** DATASET EXTRACT follows **

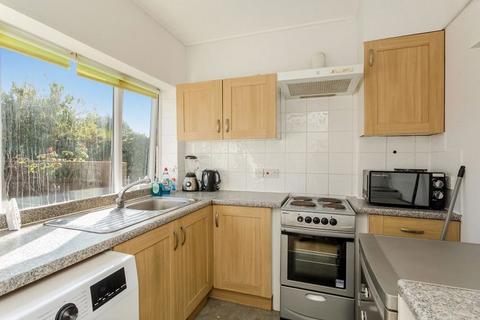 2 bedroom flat to rent, Highdown Road, Hove, BN3 6ED.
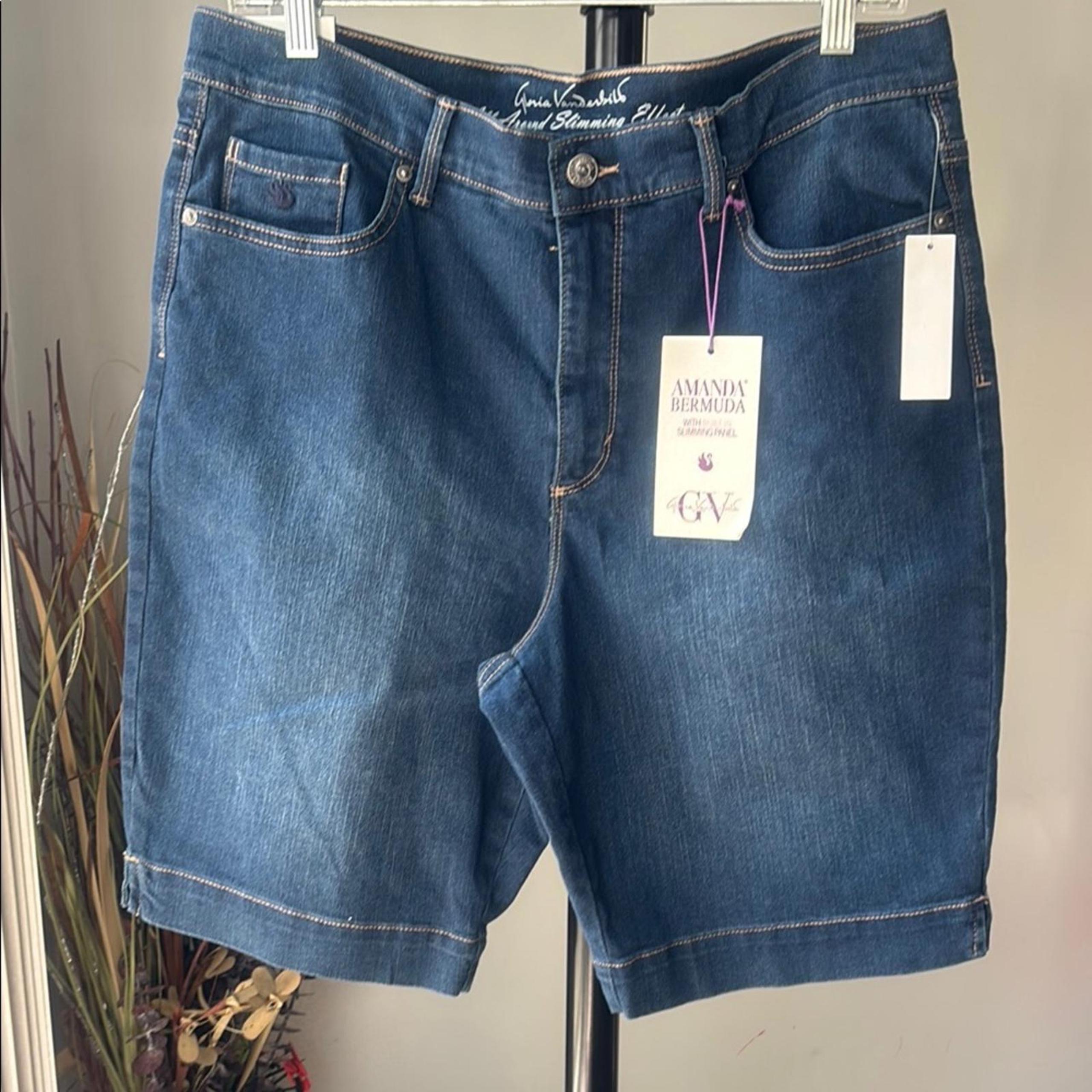 Gloria Vanderbilt Women's Bermuda Shorts - Slimming Fit - Size 14P - New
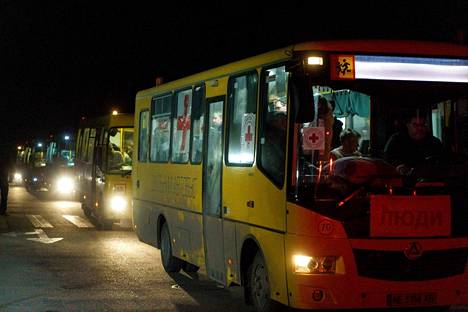 Mariupolista ja Melitopolista pakenevia ihmisiä tuonut kolmenkymmenen bussin saattue saapui Zaporižžjaan illalla 1. huhtikuuta.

** End of DATASET EXTRACT **

With the pictures removed, write out exactly the lines from the line containing "Gloria Vanderbilt Women's" through the last line of the material above, both included.

→ TASK ANSWER
 Gloria Vanderbilt Women's Bermuda Shorts - Slimming Fit - Size 14P - New
 Mariupolista ja Melitopolista pakenevia ihmisiä tuonut kolmenkymmenen bussin saattue saapui Zaporižžjaan illalla 1. huhtikuuta.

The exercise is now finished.